When AI Hallucination Reached a Federal Courtroom
- Daniel Perkins
- Apr 1
- 10 min read
AI Hallucination | Confabulation Risk | Human Oversight Failure
A generative AI tool produced fictitious legal citations. An attorney submitted them to a federal judge. When questioned, he asked the AI to verify them. It said they were real. They were not.
At a Glance
Case | Mata v. Avianca, Inc., 678 F.Supp.3d 443 (S.D.N.Y. 2023) |
Attorneys | Steven A. Schwartz and Peter LoDuca, Levidow, Levidow & Oberman P.C. |
AI Tool Used | ChatGPT (OpenAI) |
Year | Filed 2022. Sanctions issued June 22, 2023. |
The Issue | ChatGPT generated six or more completely fictitious legal cases, which were submitted to a federal court as real legal precedent. |
The Compounding Error | When the court questioned the citations, the attorneys asked ChatGPT to confirm they were real. ChatGPT said yes. |
Outcome | $5,000 penalty, jointly and severally imposed. Mandatory letters of notice to the plaintiff and to each real judge whose name was falsely attached to a fabricated opinion. The court declined to compel an apology, reasoning that a forced apology is not a sincere one. |
Primary Risk | Confabulation (NIST AI 600-1, Section 2.2) - confidently stated, entirely false output. |
Governance Failure | No acceptable use policy. No verification process. AI treated as an authoritative source. |
Who Should Care | Every executive deploying AI in any professional, legal, compliance, or consequential decision context. |
The Facts
Roberto Mata filed a personal injury lawsuit in New York state court in February 2022 against Avianca, a Latin American airline, claiming he was struck in the knee by a metal serving cart during an international flight. A routine case. The kind that gets filed every day.

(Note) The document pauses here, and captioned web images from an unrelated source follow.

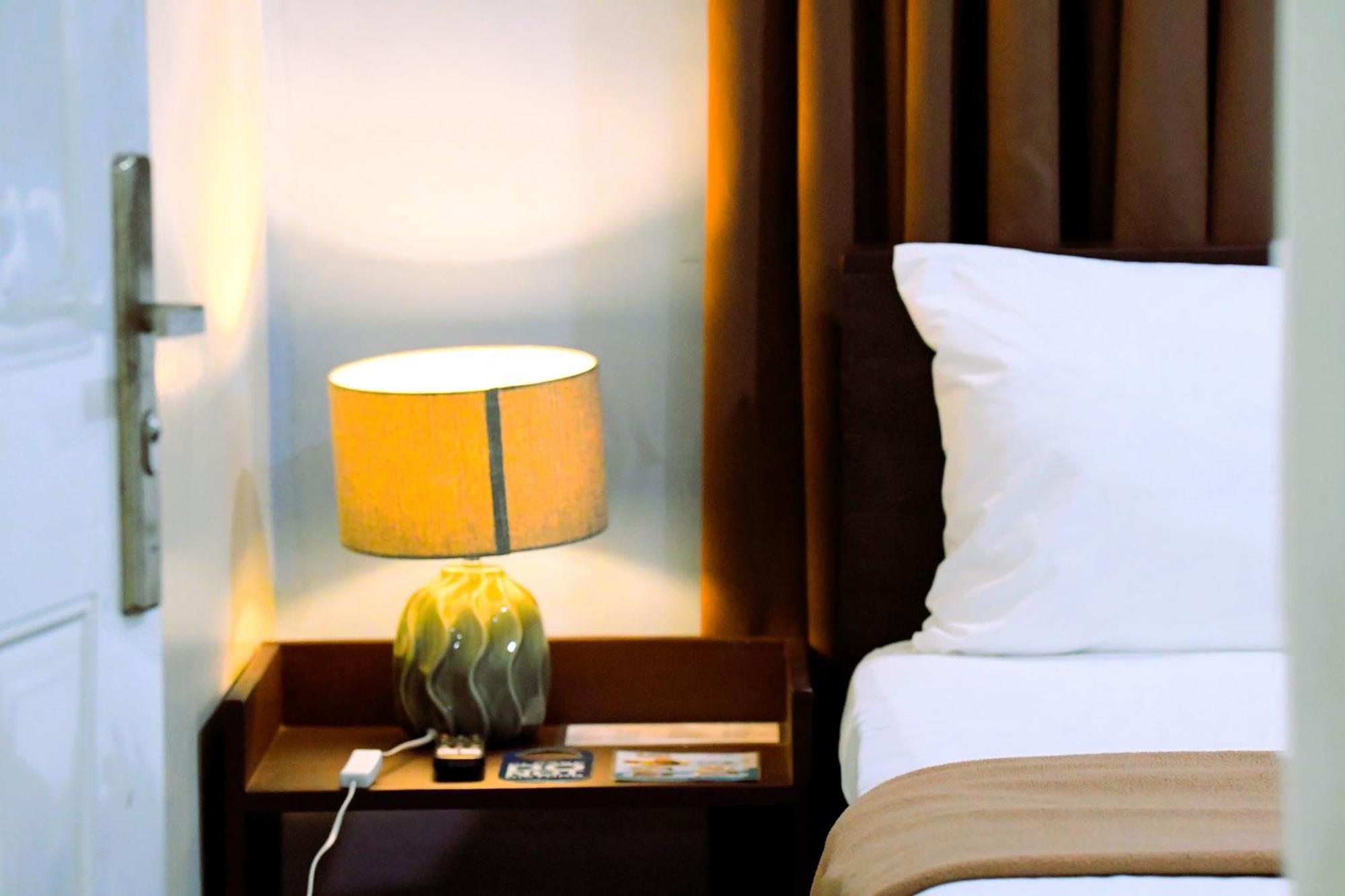 Arzo Hotel Makati Makati City Eksteriør bilde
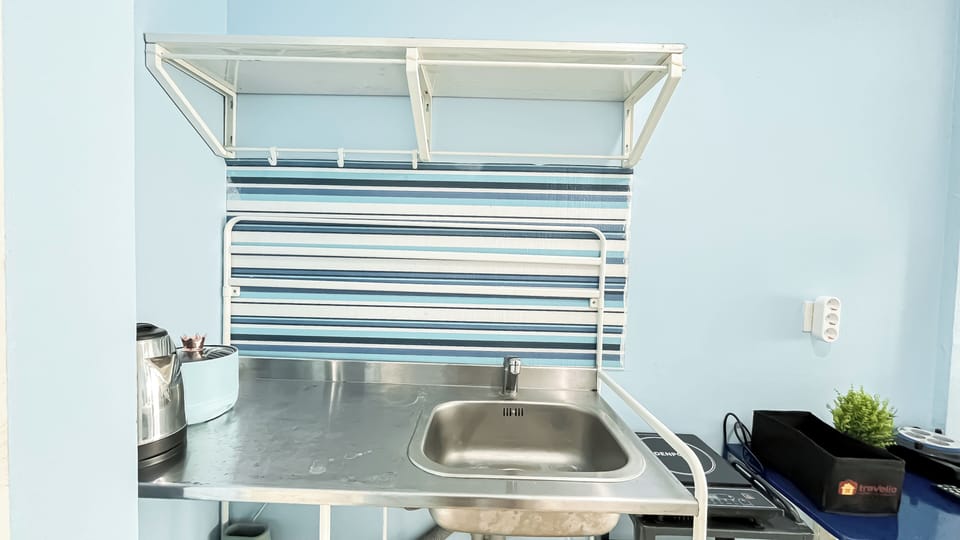 Standard Apartment | Private kitchen | Cookware/dishes/utensils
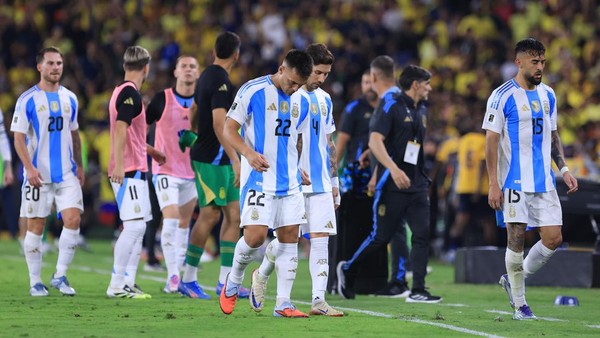 Dua Kartu Merah Warnai Kekalahan Argentina 0-1 dari Ekuador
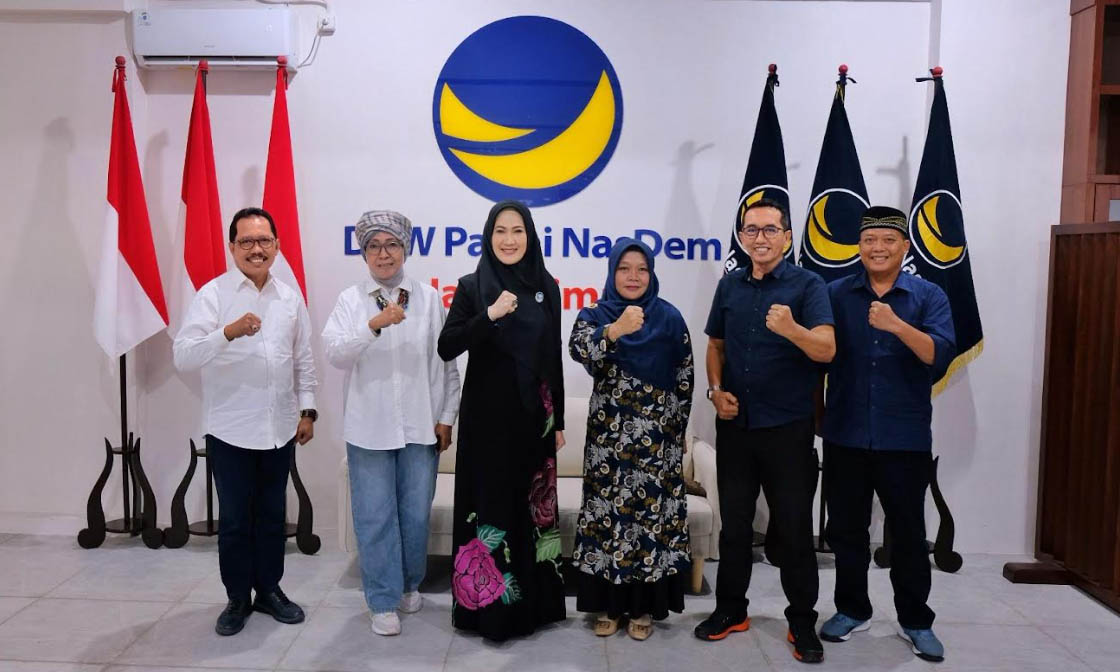 NAKHODA BARU: Wakil Wali Kota Probolinggo Ina Dwi Lestari (tiga dari kanan) ketika hadir di DPW Nasdem Jatim bersama Zulfikar Imawan (dua dari kanan).&nbsp;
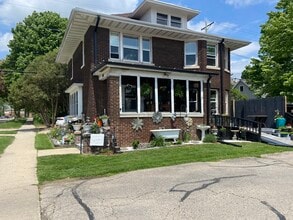 Building Photo - 219 S 4th St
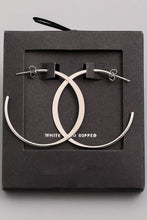 Load image into Gallery viewer, Flat Metal Small Hoop Earrings
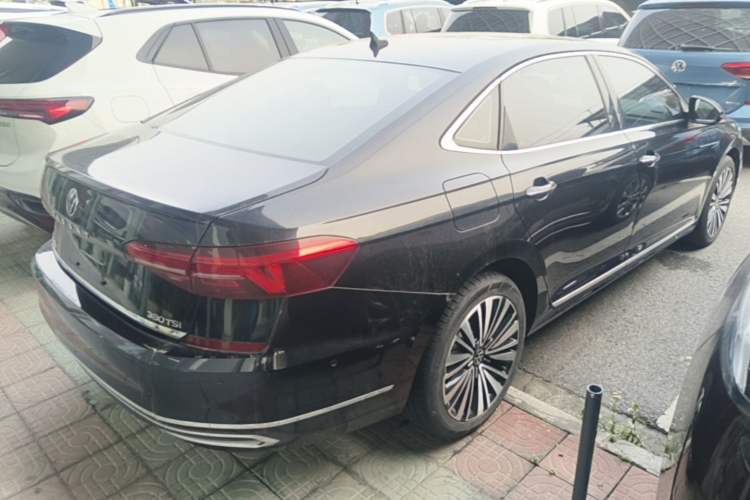 Used Volkswagen Passat 2021 380TSI Flagship Edition Rear Right 45 Deg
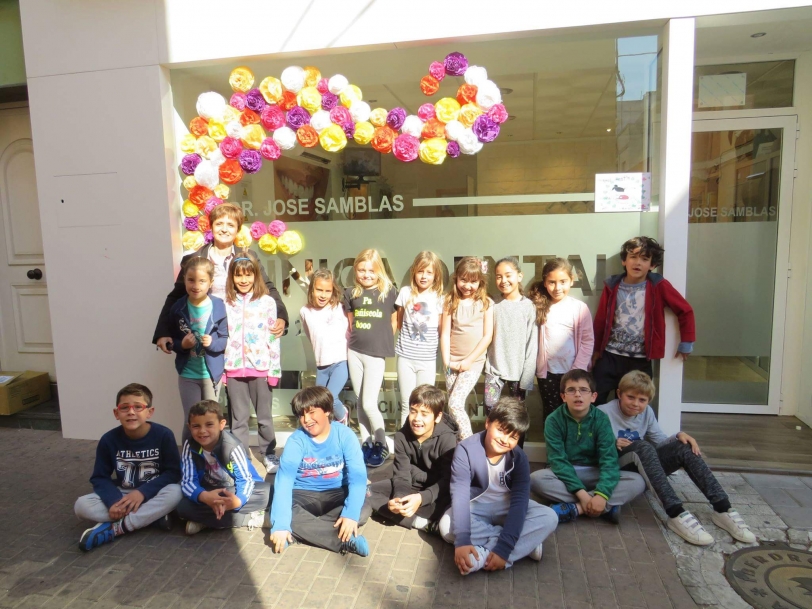 El alumnado del Mestre Rafael Noguera de Daimús decora todo el municipio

The case moved to federal court after Avianca removed it on jurisdictional grounds related to the Montreal Convention, an international treaty governing liability for international air travel. Avianca then moved to dismiss, arguing the claim was time-barred under the Convention's two-year statute of limitations. Mata's legal team needed case law to argue against that dismissal.
That's where Steven Schwartz, the attorney handling the substantive work, turned to ChatGPT. Schwartz later described his reasoning: he couldn't access certain legal databases his firm used, and he thought of ChatGPT as a "super search engine." He asked it to find cases supporting the legal argument he needed. ChatGPT complied, producing a list of cases complete with citations, docket numbers, party names, quoted holdings, and internal cross-references. Everything a real legal citation looks like. None of those cases existed.

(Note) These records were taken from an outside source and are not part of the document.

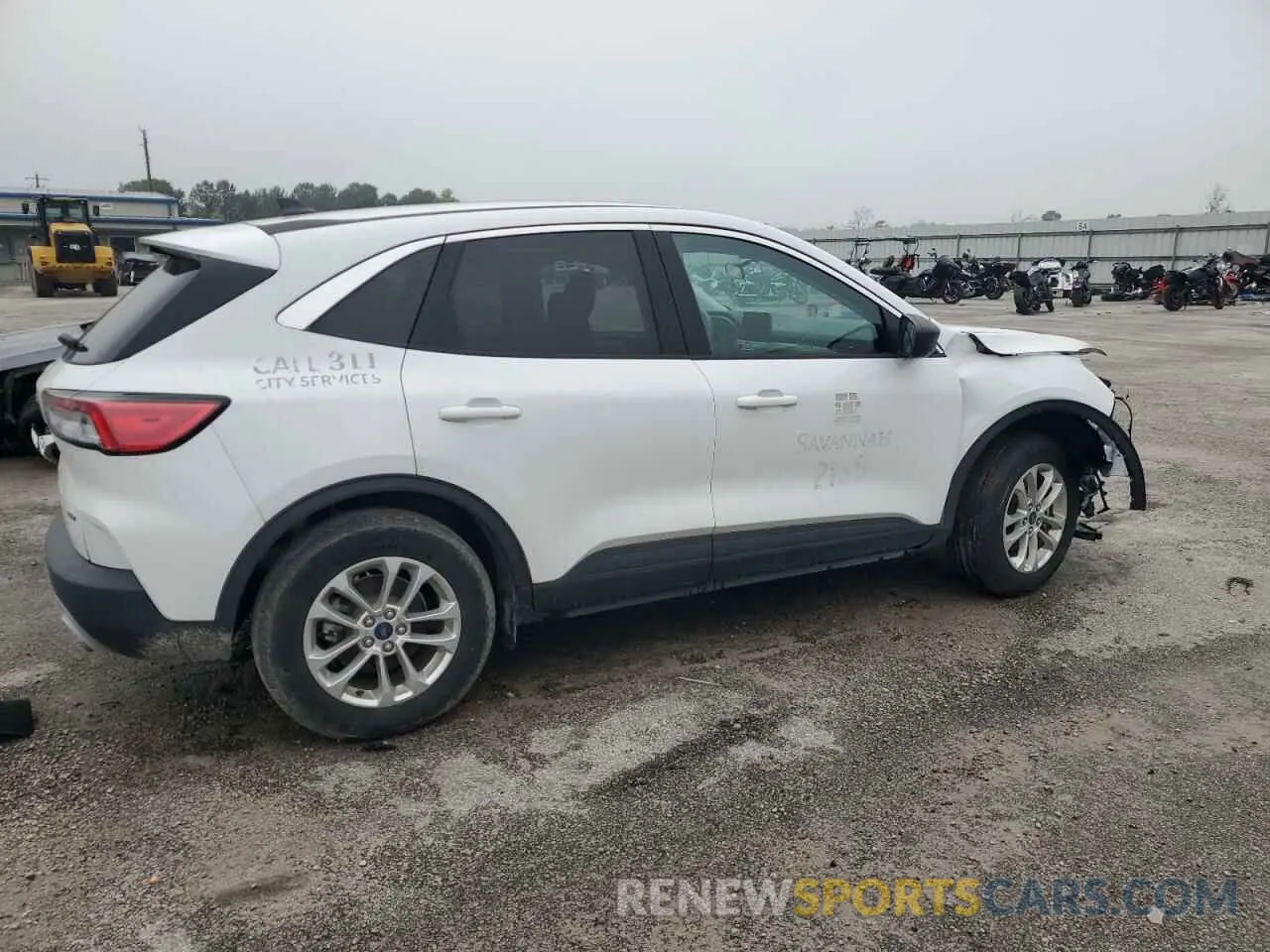 3 Photograph of a damaged car 1FMCU0BZ5NUA61479 FORD ESCAPE 2022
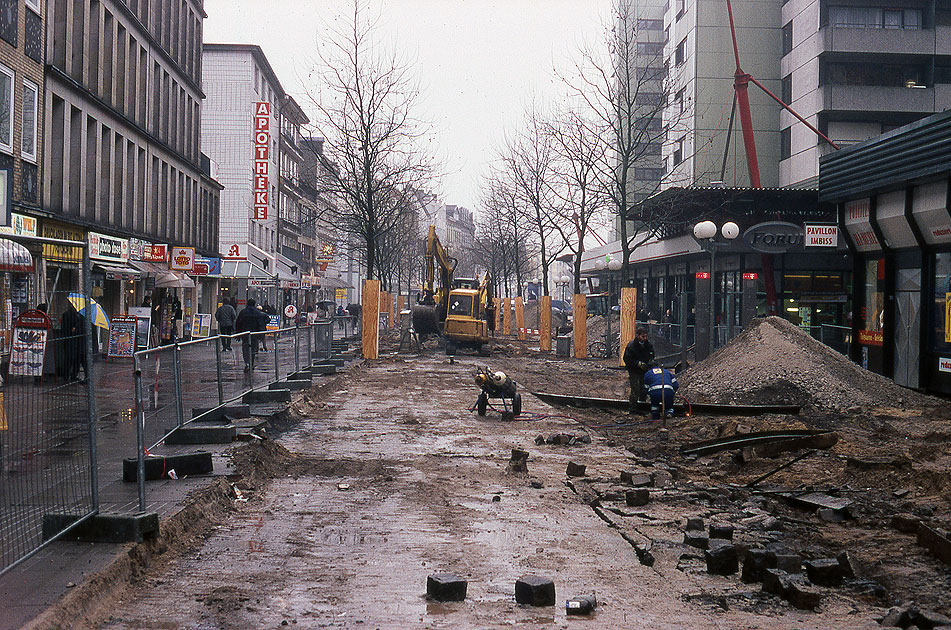 Straßenbahngleise in der Straße Große Bergstraße in Hamburg-Altona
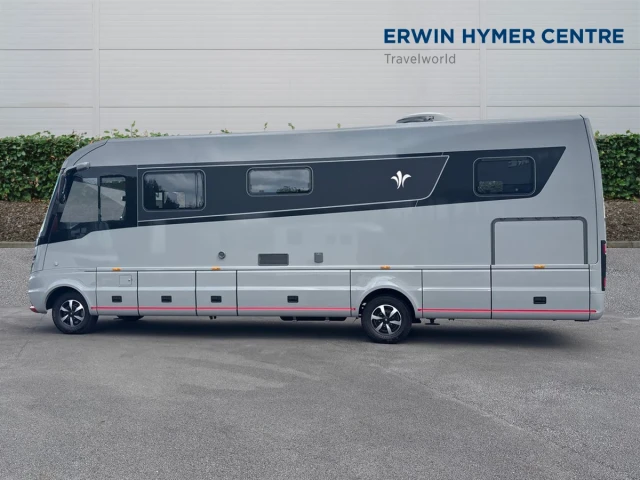 Vehicle Image - 3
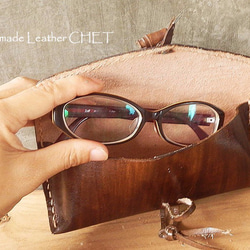 レザー眼鏡ケース・ヌメ革レッド・イニシャル刻印無料 4枚目の画像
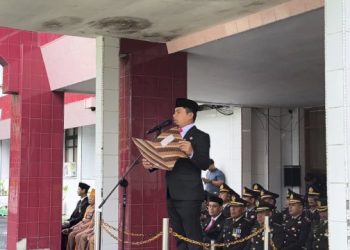 Wali Kota Parepare Tasming Hamid memimpin upacara Hari Pahlawan 2025 di Lapangan Sekretariat Daerah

How ChatGPT produces fake citations
The ChatGPT instance used in this case was not a legal research platform. It was not independently checking Westlaw, LexisNexis, PACER, or any court docket. It generated text that looked like legal research because legal citations have recognizable patterns. That is the danger: the output had the form of legal authority without the substance of legal authority.

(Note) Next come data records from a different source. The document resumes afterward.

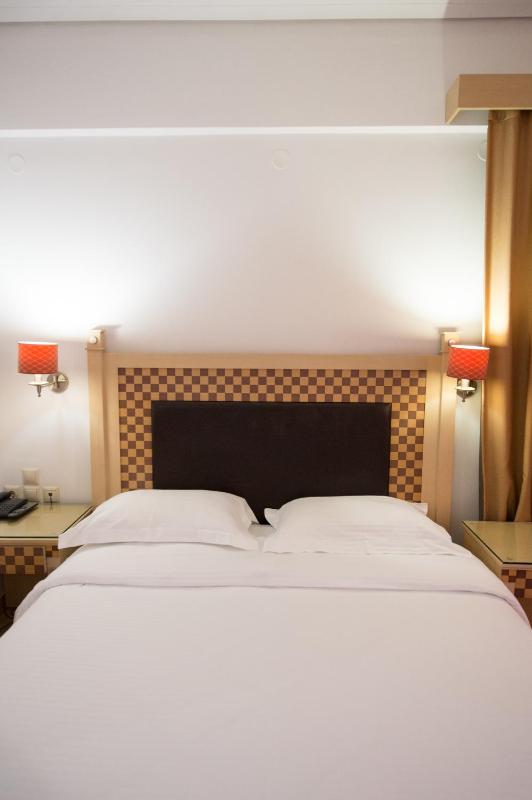 Double Room image 3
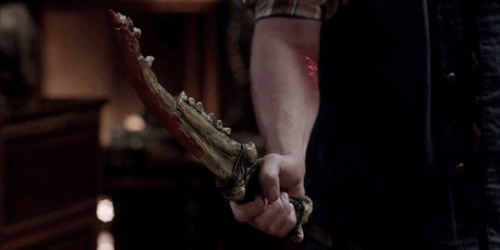 crossroadscastiel:  Tonight we saw Crowley utterly addicted to human blood, and then being forced to kick the habit, cold turkey. Look at how he twitches…like addicts going through withdrawal often do. Now look at Dean as he holds the blade. At first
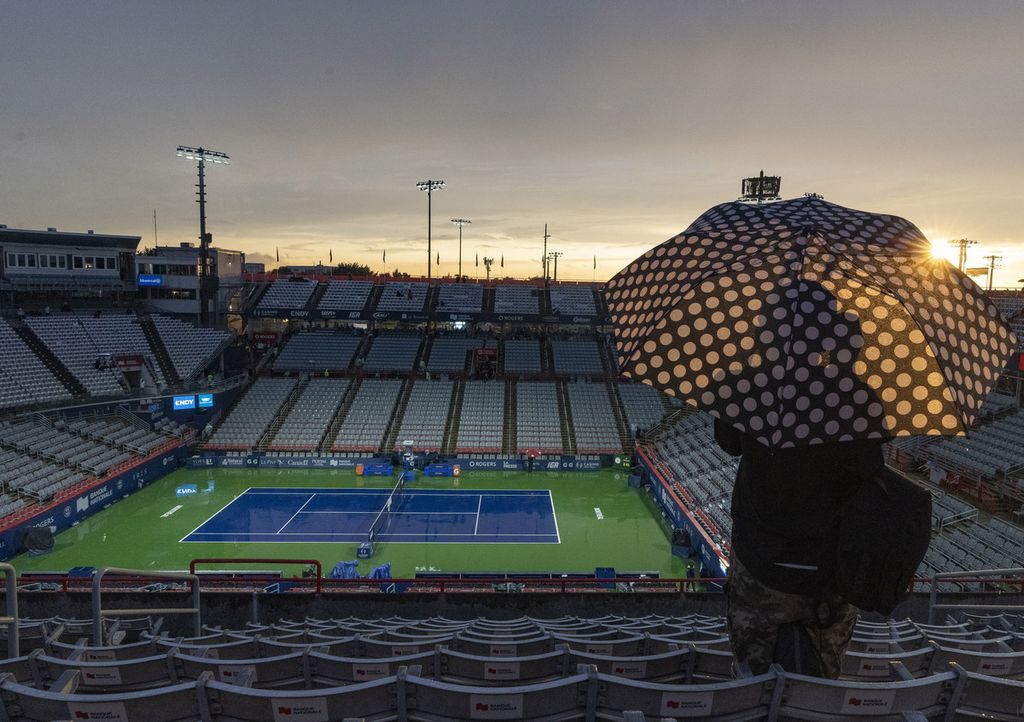 Petenis menanti hujan reda pada turnamen tenis ATP/WTA 1000 Montreal, Kanada, Kamis (10/8/2023) waktu setempat. Hujan menunda sejumlah laga turnamen itu.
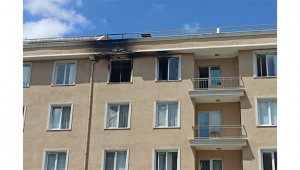 5 katlı binada korkutan yangın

NIST AI 600-1 calls this confabulation: the production of confidently stated but erroneous or false content. ChatGPT didn't flag uncertainty. It produced its fake citations in exactly the same tone it uses when it produces accurate information. There is no visual, tonal, or structural difference between a ChatGPT hallucination and a ChatGPT accurate response. That's the risk.
Schwartz submitted the fake cases in his opposition brief. Avianca's attorneys, reviewing the filing, couldn't locate several of the cited cases. They flagged this to the court. The court couldn't locate them either and ordered Mata's attorneys to produce copies of the cited decisions.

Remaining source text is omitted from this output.